算是一個比較常見的問題,銀行對賬(sftp讀取使用csv格式,比ftp安全點),一般都是定時數據處理(可以使用spring boot 的Scheduled 可以方便處理)
以下只是說明關於sftp讀取以及csv處理以及jdbc寫入的
依賴的組件
spring-integration-sftp(包裝處理sftp的,jsch也可以直接拿來用),opencsv 簡單靈活的csv讀取以及bean轉換
easy-batch一個簡單靈活的batch處理框架
參考csv 內容格式說明
截取了部分,實際比這個多,只是演示 
環境准備
使用docker-compose運行sftp以及依賴的pg 數據庫
- docker-compos 文件
version: "3"
services:
postgres:
image: postgres:alpine
environment:
- POSTGRES_PASSWORD=dalong
ports:
- 5432:5432
ftp:
image: mikatux/ftps-server
environment:
- "USER=demo"
- "PASSWORD=demoapp"
restart: always
volumes:
- "./data:/home/demo"
network_mode: host
sftp:
image: atmoz/sftp
volumes:
- ./data2/upload:/home/demo/upload
- ./sshd_config:/etc/ssh/sshd_config
restart: always
cap_add:
- ALL
ports:
- "2222:22"
command: demo:demoapp:1001
sshd_config (此文件還比較重要,在測試的過程中發現直接使用默認的居然有問題)

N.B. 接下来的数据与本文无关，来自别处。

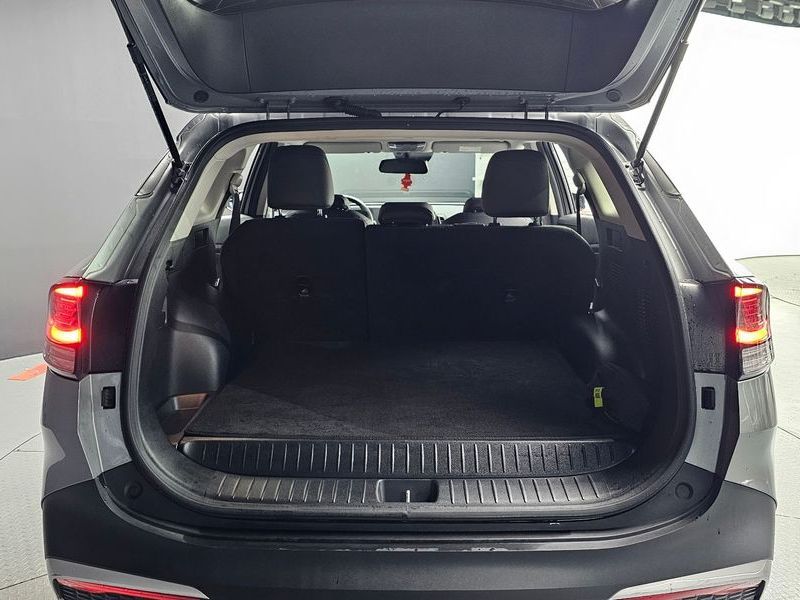 Image 19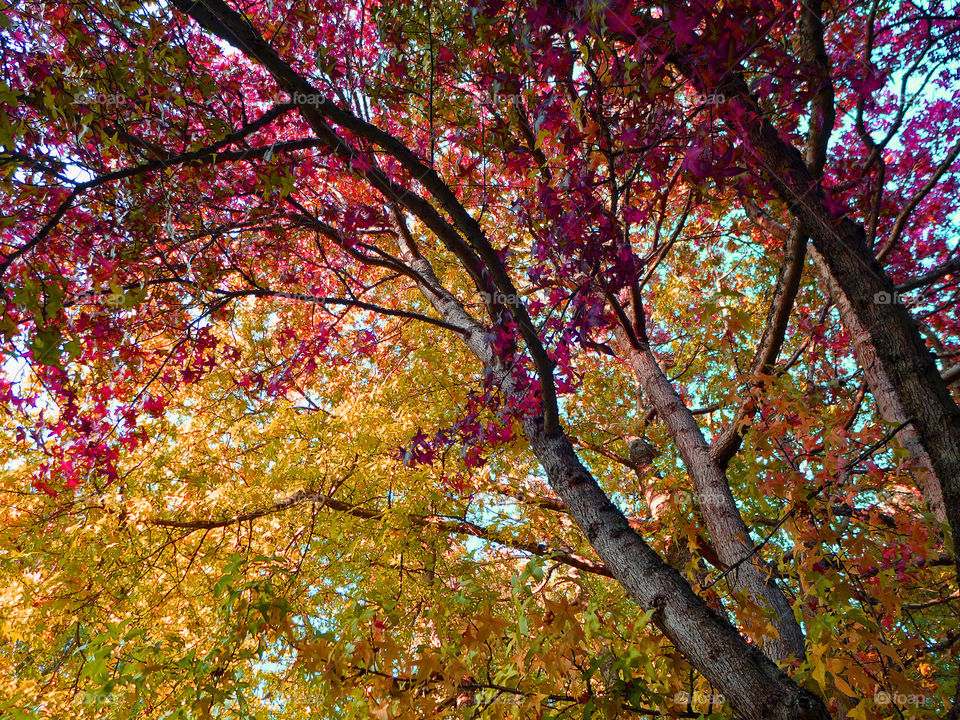 forest, autumn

# $OpenBSD: sshd_config,v 1.100 2016/08/15 12:32:04 naddy Exp $
# This is the sshd server system-wide configuration file. See
# sshd_config(5) for more information.
# This sshd was compiled with PATH=/usr/local/bin:/usr/bin
# The strategy used for options in the default sshd_config shipped with
# OpenSSH is to specify options with their default value where
# possible, but leave them commented. Uncommented options override the
# default value.
# If you want to change the port on a SELinux system, you have to tell
# SELinux about this change.
# semanage port -a -t ssh_port_t -p tcp #PORTNUMBER
#
Port 22
#AddressFamily any
#ListenAddress 0.0.0.0
#ListenAddress ::
HostKey /etc/ssh/ssh_host_rsa_key
#HostKey /etc/ssh/ssh_host_dsa_key
#HostKey /etc/ssh/ssh_host_ecdsa_key
HostKey /etc/ssh/ssh_host_ed25519_key
# Ciphers and keying
#RekeyLimit default none
# Logging
#SyslogFacility AUTH
SyslogFacility AUTHPRIV
#LogLevel INFO
# Authentication:
#LoginGraceTime 2m
#PermitRootLogin no
#StrictModes yes
#MaxAuthTries 6
#MaxSessions 10
#PubkeyAuthentication yes
# The default is to check both .ssh/authorized_keys and .ssh/authorized_keys2
# but this is overridden so installations will only check .ssh/authorized_keys
#AuthorizedPrincipalsFile none
#AuthorizedKeysCommand none
#AuthorizedKeysCommandUser nobody
# For this to work you will also need host keys in /etc/ssh/ssh_known_hosts
#HostbasedAuthentication no
# Change to yes if you don't trust ~/.ssh/known_hosts for
# HostbasedAuthentication
#IgnoreUserKnownHosts no
# Don't read the user's ~/.rhosts and ~/.shosts files
#IgnoreRhosts yes
# To disable tunneled clear text passwords, change to no here!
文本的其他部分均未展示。